> **Exercise requirements**:
Check every line below for the word "Renault" and copy the ones that have it.

↓↓↓

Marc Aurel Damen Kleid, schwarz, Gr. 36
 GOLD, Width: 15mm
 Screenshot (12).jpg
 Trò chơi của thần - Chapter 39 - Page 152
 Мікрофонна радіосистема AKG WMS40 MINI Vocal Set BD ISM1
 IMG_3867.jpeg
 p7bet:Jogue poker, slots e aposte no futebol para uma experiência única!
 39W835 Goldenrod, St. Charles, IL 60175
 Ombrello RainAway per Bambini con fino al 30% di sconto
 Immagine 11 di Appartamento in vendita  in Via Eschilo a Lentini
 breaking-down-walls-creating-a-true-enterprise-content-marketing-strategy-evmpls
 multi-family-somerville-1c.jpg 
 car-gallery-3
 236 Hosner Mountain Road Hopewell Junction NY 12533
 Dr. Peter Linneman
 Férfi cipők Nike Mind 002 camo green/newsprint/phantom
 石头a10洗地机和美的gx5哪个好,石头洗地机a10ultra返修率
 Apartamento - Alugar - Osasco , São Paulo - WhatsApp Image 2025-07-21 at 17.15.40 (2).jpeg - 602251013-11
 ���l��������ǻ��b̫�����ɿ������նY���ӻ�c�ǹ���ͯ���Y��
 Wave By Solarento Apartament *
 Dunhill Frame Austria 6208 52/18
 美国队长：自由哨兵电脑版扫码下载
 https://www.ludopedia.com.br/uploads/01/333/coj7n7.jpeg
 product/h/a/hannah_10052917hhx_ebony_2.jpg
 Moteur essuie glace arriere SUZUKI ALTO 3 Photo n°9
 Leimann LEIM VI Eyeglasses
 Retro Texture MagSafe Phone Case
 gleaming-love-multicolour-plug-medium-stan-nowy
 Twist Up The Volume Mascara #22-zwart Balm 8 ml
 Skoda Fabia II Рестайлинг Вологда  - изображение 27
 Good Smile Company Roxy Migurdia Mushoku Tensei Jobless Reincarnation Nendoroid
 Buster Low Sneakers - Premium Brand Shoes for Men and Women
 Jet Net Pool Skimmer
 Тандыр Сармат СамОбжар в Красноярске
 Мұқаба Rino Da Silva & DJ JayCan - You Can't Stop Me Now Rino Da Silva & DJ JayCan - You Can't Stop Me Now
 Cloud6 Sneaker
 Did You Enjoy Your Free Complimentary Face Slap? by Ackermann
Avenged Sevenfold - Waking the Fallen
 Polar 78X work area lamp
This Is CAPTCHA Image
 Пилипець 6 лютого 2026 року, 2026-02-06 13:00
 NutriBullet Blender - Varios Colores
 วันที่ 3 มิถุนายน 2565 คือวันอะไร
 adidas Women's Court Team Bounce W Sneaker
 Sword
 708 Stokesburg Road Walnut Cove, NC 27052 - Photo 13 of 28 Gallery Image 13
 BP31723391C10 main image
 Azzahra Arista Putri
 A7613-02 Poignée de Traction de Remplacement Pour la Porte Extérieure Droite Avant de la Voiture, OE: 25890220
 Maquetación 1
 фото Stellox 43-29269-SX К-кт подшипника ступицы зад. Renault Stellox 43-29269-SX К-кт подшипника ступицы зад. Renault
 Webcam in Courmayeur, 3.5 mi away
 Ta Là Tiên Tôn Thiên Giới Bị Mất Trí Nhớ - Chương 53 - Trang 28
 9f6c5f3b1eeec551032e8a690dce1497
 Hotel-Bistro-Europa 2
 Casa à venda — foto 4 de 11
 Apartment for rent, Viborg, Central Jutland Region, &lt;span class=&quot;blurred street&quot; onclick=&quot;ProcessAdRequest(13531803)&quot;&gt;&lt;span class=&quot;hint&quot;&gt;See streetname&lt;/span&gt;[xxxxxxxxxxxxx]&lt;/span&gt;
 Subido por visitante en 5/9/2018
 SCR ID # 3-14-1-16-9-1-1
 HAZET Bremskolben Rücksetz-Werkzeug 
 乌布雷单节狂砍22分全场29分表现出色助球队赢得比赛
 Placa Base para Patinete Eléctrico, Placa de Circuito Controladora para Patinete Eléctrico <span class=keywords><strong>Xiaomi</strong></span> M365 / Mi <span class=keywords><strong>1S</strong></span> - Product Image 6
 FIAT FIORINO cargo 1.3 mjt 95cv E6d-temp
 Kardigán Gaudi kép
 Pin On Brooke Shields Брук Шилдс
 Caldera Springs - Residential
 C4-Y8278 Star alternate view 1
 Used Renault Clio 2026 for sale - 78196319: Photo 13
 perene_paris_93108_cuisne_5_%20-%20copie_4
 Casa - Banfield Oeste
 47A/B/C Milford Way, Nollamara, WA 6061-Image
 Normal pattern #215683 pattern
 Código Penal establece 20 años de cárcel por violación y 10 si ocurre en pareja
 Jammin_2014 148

↑↑↑

> **Task result**:
 фото Stellox 43-29269-SX К-кт подшипника ступицы зад. Renault Stellox 43-29269-SX К-кт подшипника ступицы зад. Renault
 Used Renault Clio 2026 for sale - 78196319: Photo 13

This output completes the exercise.